#### [Work instruction]
The entries below contain a line with "1338 - TWO ELECTRA" and a line with "Construction of a pulse via". Retype exactly everything from the first down to the second, both included, and nothing else.

#### [Input data]
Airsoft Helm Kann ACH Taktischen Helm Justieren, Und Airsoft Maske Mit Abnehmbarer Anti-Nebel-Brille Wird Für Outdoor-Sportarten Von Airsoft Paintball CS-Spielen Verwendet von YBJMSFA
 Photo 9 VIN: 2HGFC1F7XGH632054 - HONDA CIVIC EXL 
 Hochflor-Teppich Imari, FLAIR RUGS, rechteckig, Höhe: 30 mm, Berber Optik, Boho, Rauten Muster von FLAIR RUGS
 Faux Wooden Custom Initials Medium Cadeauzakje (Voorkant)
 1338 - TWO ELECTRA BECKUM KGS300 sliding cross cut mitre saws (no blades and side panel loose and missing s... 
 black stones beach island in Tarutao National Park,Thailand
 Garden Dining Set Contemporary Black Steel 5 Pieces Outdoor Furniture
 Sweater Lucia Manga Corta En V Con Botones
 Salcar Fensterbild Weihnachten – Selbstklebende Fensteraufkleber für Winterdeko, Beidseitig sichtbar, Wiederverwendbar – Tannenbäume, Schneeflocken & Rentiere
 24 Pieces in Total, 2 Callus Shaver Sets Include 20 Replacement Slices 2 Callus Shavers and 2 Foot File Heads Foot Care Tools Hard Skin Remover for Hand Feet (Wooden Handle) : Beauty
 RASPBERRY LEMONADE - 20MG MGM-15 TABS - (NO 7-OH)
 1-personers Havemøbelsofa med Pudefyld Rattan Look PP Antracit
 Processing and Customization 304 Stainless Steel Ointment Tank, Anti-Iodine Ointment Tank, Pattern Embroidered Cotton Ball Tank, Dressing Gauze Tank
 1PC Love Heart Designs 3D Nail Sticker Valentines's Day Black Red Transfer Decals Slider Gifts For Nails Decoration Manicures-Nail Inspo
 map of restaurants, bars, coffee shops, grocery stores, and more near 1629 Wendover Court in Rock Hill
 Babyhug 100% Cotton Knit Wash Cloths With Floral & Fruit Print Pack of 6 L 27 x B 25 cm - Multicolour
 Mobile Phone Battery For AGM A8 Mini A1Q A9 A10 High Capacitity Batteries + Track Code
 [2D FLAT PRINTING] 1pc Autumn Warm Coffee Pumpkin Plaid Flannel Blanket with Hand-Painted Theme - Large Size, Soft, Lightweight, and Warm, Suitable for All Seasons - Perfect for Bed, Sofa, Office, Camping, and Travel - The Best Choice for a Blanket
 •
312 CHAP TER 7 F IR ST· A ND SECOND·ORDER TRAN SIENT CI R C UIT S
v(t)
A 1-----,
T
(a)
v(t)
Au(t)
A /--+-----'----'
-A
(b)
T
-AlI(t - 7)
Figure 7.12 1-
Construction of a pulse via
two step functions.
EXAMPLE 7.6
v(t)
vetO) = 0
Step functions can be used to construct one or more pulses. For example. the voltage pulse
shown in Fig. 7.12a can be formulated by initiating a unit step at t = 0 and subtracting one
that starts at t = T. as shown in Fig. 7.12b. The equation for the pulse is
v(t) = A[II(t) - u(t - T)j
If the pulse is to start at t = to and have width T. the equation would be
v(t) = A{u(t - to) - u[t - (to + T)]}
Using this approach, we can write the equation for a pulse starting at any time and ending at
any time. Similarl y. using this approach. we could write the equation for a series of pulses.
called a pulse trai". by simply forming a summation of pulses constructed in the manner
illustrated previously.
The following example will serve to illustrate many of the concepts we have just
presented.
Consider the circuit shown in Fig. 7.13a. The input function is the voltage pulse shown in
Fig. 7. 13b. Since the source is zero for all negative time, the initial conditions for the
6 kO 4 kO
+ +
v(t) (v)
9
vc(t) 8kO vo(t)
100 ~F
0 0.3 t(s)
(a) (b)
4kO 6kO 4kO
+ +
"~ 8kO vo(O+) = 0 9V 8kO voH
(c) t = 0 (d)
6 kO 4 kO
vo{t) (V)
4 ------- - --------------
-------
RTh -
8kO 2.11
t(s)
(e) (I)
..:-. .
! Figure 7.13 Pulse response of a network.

#### [Answer for the task]
 1338 - TWO ELECTRA BECKUM KGS300 sliding cross cut mitre saws (no blades and side panel loose and missing s... 
 black stones beach island in Tarutao National Park,Thailand
 Garden Dining Set Contemporary Black Steel 5 Pieces Outdoor Furniture
 Sweater Lucia Manga Corta En V Con Botones
 Salcar Fensterbild Weihnachten – Selbstklebende Fensteraufkleber für Winterdeko, Beidseitig sichtbar, Wiederverwendbar – Tannenbäume, Schneeflocken & Rentiere
 24 Pieces in Total, 2 Callus Shaver Sets Include 20 Replacement Slices 2 Callus Shavers and 2 Foot File Heads Foot Care Tools Hard Skin Remover for Hand Feet (Wooden Handle) : Beauty
 RASPBERRY LEMONADE - 20MG MGM-15 TABS - (NO 7-OH)
 1-personers Havemøbelsofa med Pudefyld Rattan Look PP Antracit
 Processing and Customization 304 Stainless Steel Ointment Tank, Anti-Iodine Ointment Tank, Pattern Embroidered Cotton Ball Tank, Dressing Gauze Tank
 1PC Love Heart Designs 3D Nail Sticker Valentines's Day Black Red Transfer Decals Slider Gifts For Nails Decoration Manicures-Nail Inspo
 map of restaurants, bars, coffee shops, grocery stores, and more near 1629 Wendover Court in Rock Hill
 Babyhug 100% Cotton Knit Wash Cloths With Floral & Fruit Print Pack of 6 L 27 x B 25 cm - Multicolour
 Mobile Phone Battery For AGM A8 Mini A1Q A9 A10 High Capacitity Batteries + Track Code
 [2D FLAT PRINTING] 1pc Autumn Warm Coffee Pumpkin Plaid Flannel Blanket with Hand-Painted Theme - Large Size, Soft, Lightweight, and Warm, Suitable for All Seasons - Perfect for Bed, Sofa, Office, Camping, and Travel - The Best Choice for a Blanket
 •
312 CHAP TER 7 F IR ST· A ND SECOND·ORDER TRAN SIENT CI R C UIT S
v(t)
A 1-----,
T
(a)
v(t)
Au(t)
A /--+-----'----'
-A
(b)
T
-AlI(t - 7)
Figure 7.12 1-
Construction of a pulse via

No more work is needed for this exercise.